ただし、初期段階から徹底しているのがラインをしっかりと上げること、各ポジションができるだけ下がらないことだ。象徴的なのがインサイドハーフで、日本で4ー3ー3を用いているチームの多くはビルドアップの時に、左右インサイドハーフのどちらかはアンカーの位置まで落ちてボールを受けて、また前に出ていくという動きが多い。しかし、ヘグモ式の4ー3ー3は左右ともにできるだけ高い位置を取り、アンカーも原則センターバックの間に落ちない。

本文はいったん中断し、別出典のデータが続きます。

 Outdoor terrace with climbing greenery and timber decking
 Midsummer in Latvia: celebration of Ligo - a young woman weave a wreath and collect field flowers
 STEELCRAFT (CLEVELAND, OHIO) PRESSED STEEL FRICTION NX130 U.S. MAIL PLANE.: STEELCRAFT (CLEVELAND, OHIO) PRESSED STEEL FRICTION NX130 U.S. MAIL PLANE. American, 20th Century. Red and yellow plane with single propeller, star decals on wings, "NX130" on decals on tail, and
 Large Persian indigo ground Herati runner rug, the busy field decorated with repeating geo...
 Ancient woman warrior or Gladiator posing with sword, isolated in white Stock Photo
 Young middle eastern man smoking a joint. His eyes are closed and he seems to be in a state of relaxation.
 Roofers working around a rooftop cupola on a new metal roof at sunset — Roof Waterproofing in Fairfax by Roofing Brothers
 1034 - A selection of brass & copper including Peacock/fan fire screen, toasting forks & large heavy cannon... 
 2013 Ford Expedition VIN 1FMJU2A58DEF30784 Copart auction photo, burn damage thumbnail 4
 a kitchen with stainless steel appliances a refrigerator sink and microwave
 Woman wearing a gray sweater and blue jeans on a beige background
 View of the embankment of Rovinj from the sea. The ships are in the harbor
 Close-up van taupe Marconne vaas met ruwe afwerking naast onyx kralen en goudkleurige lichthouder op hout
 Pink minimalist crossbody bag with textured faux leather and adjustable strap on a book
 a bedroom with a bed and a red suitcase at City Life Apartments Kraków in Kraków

「インテリオール(インサイドハーフ)のところが落ちないので、そこの難しさは感じてるんですけど、その分、自分が運ばないといけない。自分で解決というよりかはじれずに出口を探して、そこはほかの選手に預けてもいいのかな」
ガンバ大阪から新加入の佐藤瑶大はそう語りながら、やりがいを前向きに捉えている。あまり可変せず、自陣に人数をかけない分、センターバックにプレッシャーが来る。そこをいかに手数をかけずに剥がして、インサイドハーフが左右のウイングに前を向かせるのか。「ドミネート(支配する)」という言葉をへグモ監督は多用するというが、それはボールの保持率を高めることではなく、前向きに相手を押し込んでいくことだ。